“还是不带算了,多一事不如少一事。”大嘴目不斜视,像在对我说,又像在自言自语。我点了支烟,不置可否。猴子在后面一直不说话,我觉得奇怪,扭头看他,他面无表情,直直地坐在位置上,像尊泥塑。
“喂,你怎么了?”我对他吹了口烟。
猴子伸手扇扇烟雾,不紧不慢地说:“我觉得吧,在今天这样一个特殊的日子里,还是少说话为好。”
“好你个头。”我又喷他一脸烟,转回了头。
一路顺利,到m县办完事后,我们不打算逗留一夜,随便吃了点东西,立刻返程。因为后车厢里没了尸体,回去的路上,猴子又开始话痨了,东拉西扯,总是离不开张晓静,我听得烦了,拧开了收音机。
一阵恐怖的声音突然从音响里传出,音量很大,吓得大嘴身体一颤,我赶紧把音量调小,猴子骂道:“操,什么鬼东西!”
“是《张震讲鬼故事》。”
“鬼节还播这节目?”大嘴瞥了眼收音机,对我说,“换一个换一个,吓死老百姓了,我靠。”
猴子觉得有意思,说:“别换啊,听听嘛。”
大嘴骂:“听你个头。”不等我动手,他自己把频道调开了,换了个音乐台。猴子嘀咕了几句,没再坚持。
正当我迷迷糊糊打盹时,感觉有人在身边轻推了我几把,我睁眼一看,是大嘴,他神色有些不自然,直视着前方,一只手还在推我。
“怎么了?”我打着哈欠,伸了个懒腰。
大嘴把车速放得极慢,对我说:“你看,那个女的,还在。”
“啊!”我吃了一惊,使劲揉了揉眼,果然,前方几米处,那女人带着那小女孩,依旧站在路边。与开始不同的是,我们去m县时,她们是站在马路右边,现在我们是返回,她们却来到了马路对面。她们到底要往哪个方向去?现在已经是午夜十一点多,距我们第一次遇到她们时已过了近四小时,这么久了,她们怎么还没等到车,即使没等到车,也不至于一直站在这地方傻等吧。

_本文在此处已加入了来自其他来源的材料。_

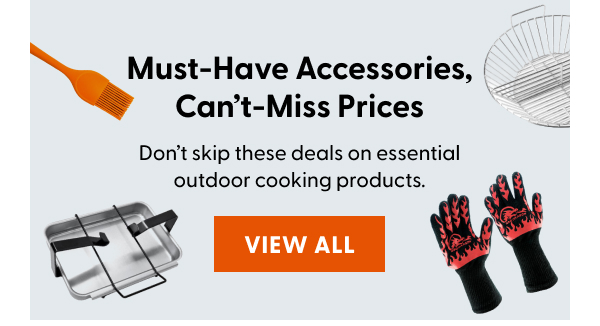 Must-Have Accessories, Can’t-Miss Prices. Don’t skip these deals on essential outdoor cooking products.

这对母女,要不是脑子有问题,那就是……我打了个寒战,今天可是农历七月十五啊,别他妈又中彩了。
那女人看见我们,举起手,在空中随便甩了一下,看动作她似乎一点也不着急,拦车的手势显得随意而无所谓,反正就这么意思一下,爱停不停随便你。
大嘴把车停在她们旁边,我放下车窗,问那女人:“你们去哪儿?”她没说话,有些紧张地看着我,紧紧拽着她女儿,显得很不安。
“你去哪儿?要不要带你一段?”我尽量把语气放得和缓。一直在后排呼呼大睡的猴子醒了,吧唧了几下嘴,问怎么回事,我和大嘴都没理他。
那女人还是不说话,也没有上车的意思。
“怎么办?”我问大嘴。
大嘴趴过来,将头探出窗外,对那女人叫道:“喂,你到底去哪儿?我们要走了啊。”见她仍没反应,大嘴缩回身子,把车启动了。我看了她们一眼,关上了车窗。

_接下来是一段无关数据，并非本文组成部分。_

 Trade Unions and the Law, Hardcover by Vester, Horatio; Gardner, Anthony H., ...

“喂,她们是不是那个啊?”见车开出一些距离了,猴子才小心翼翼地说。
“我看那女的这里有问题。”大嘴指指自己的脑袋。
我同意大嘴的看法,说:“估计是从哪里跑出来的,那小孩怎么不说话,难道母女俩都有精神问题?”
大嘴摇摇头,说:“遗传。”
猴子竖起食指正想说话,不知突然想到了什么,收回食指捏成拳头,在鼻尖蹭了几下,欲言又止。
我有点不放心,问大嘴:“你说我们要不要报个警什么的?”
大嘴犹豫了会,说:“算了吧,咱们也弄不清那女的到底是不是神经病,报了警回头还要东问西问的,天亮了都回不去。”我想想觉得也对,便叹了口气没再说话。

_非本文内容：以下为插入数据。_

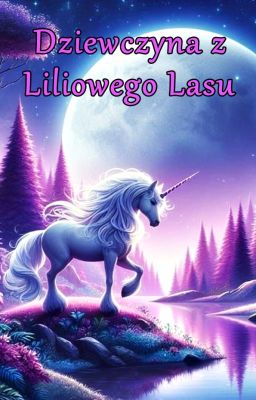 Dziewczyna z Liliowego Lasu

“反正我觉得有点不对劲,不像你们想的这么简单。”猴子横躺在后排座上,二郎腿跷着,小烟叼着,模样很欠揍。
“切!”我和大嘴发出不屑的笑,没理他,于是猴子在后面感慨起来,大意是我和大嘴很蠢而他很聪明。我抡起一瓶没开的矿泉水,砸到他闭了嘴。
快到小镇时,前面不远处有个加油站,大嘴说加个油,把车开进了加油站。加完油,大嘴付钱时,加油员指着车尾问:“你车屁股上怎么挂着件衣服?”
“衣服?什么衣服?”大嘴纳闷不已,往车尾走去,我和猴子赶紧跳下车,跟过去看。果然,车尾的车牌上,居然挂着件女人穿的短袖衬衫。我走过去细看,脑袋嗡的一声响,这件白底红花的女式短袖衬衫,居然是路边拦车那女人身上穿的那件。
“操,这怎么回事?”大嘴惊骇得要命,赶紧蹲下身子看车底和后轮,没发现异样,稍松了口气。
“这衣服是那个女人穿的吧?”猴子双眼瞪得老大,嘴巴张成了一个“o”。
“这是怎么回事?”我喃喃自语,难不成是那女人脱下衣服自己挂上的?这不可能,就算她脑子不正常做出这样的举动,我们也不可能毫无知觉。再说在车停靠时,她根本就是牵着那个小女孩,在原地一动不动的,除非她是……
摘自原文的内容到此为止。